What you should do:
Could you transcribe exactly the lines below, from the line with "誕生日に、裕美氏がお祝いの料理作り" through the line with "Twin Peaks Enamel Pin Badge - Damn Fine", and nothing else, leaving out the pictures?

Data for this exercise:
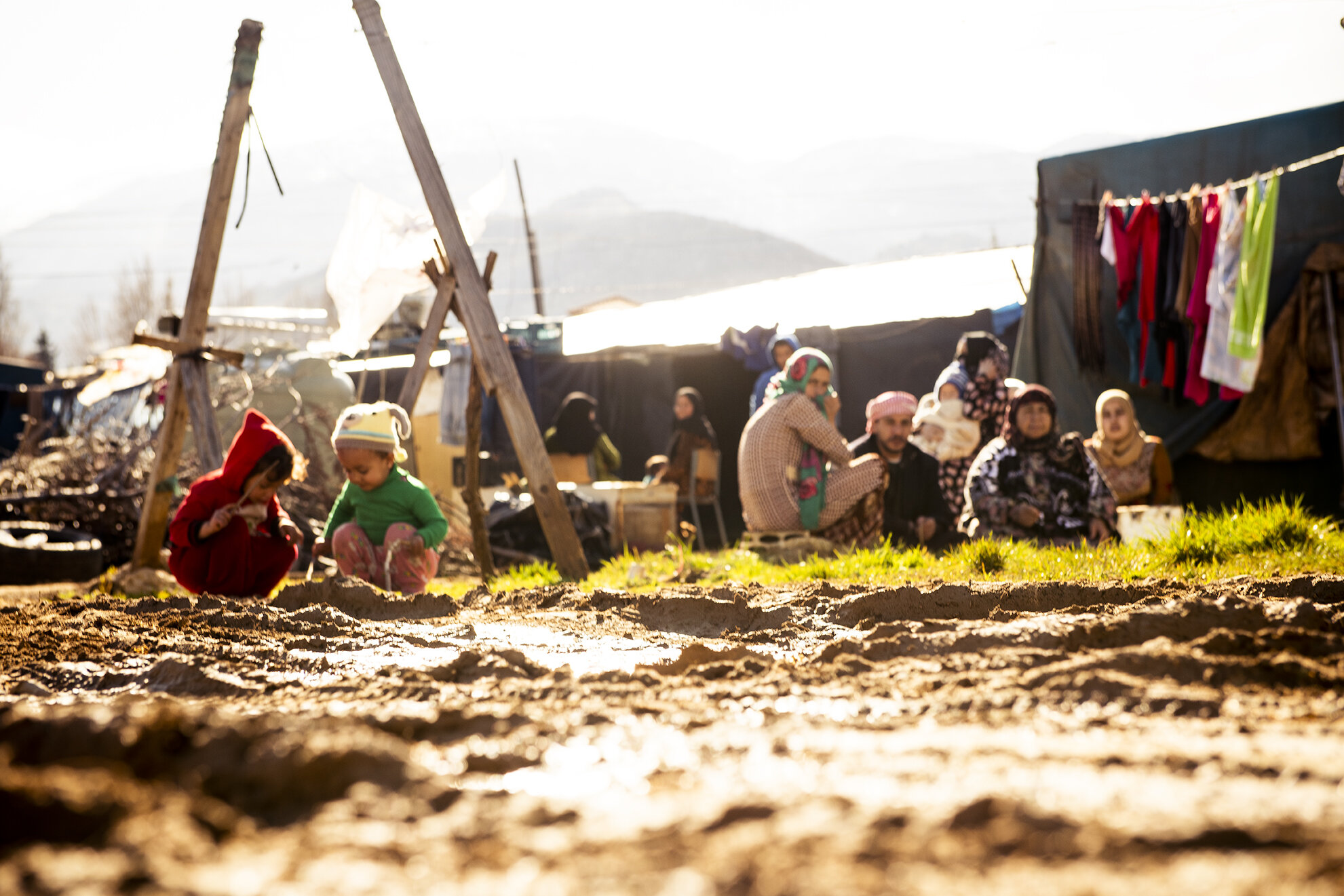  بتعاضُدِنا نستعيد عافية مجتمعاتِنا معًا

...

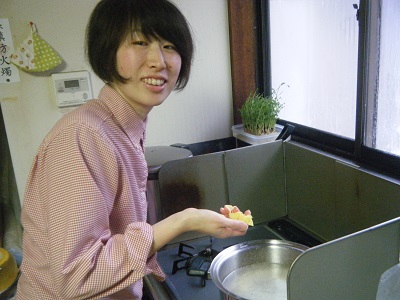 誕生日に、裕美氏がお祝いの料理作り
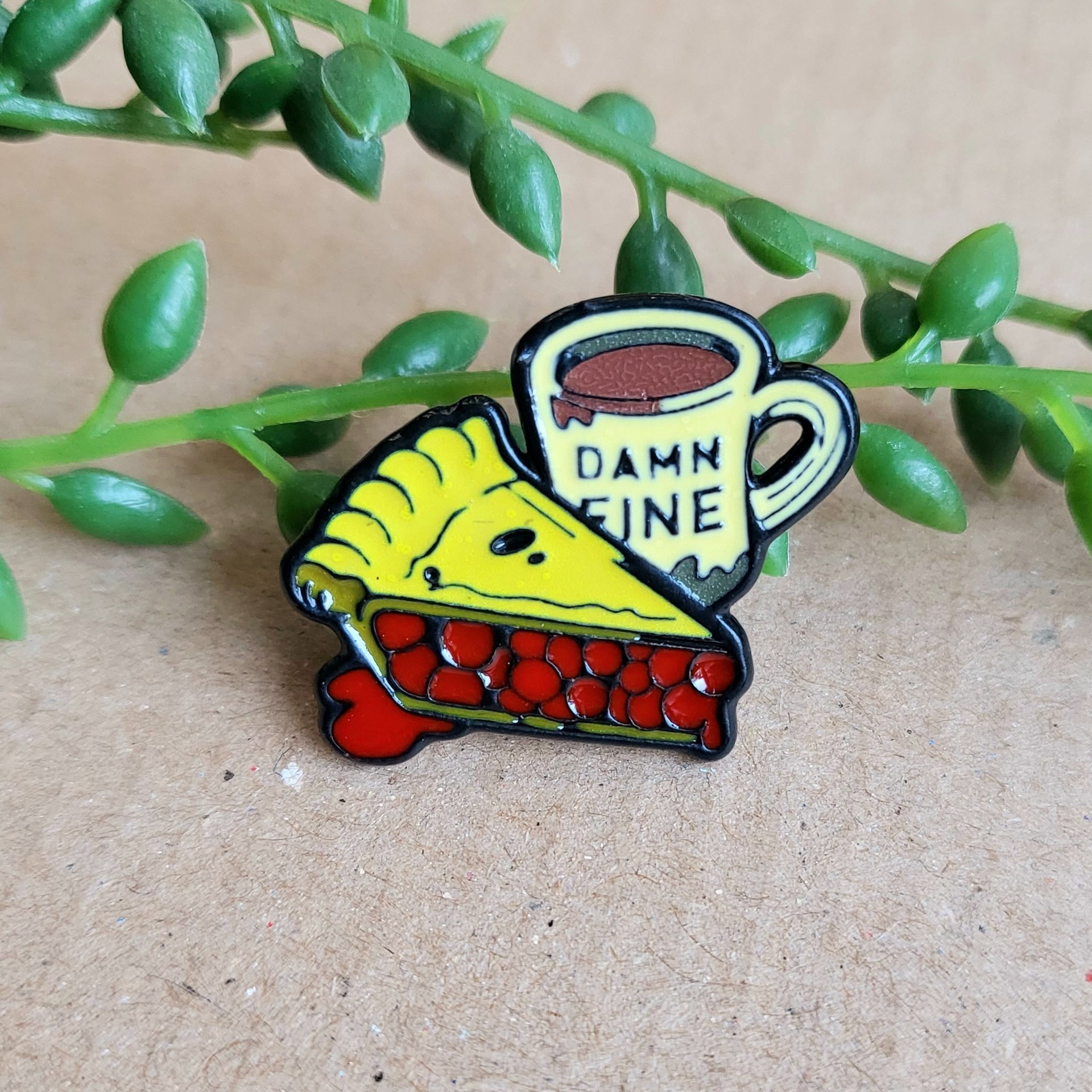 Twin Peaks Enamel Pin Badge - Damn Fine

Task response:
 誕生日に、裕美氏がお祝いの料理作り
 Twin Peaks Enamel Pin Badge - Damn Fine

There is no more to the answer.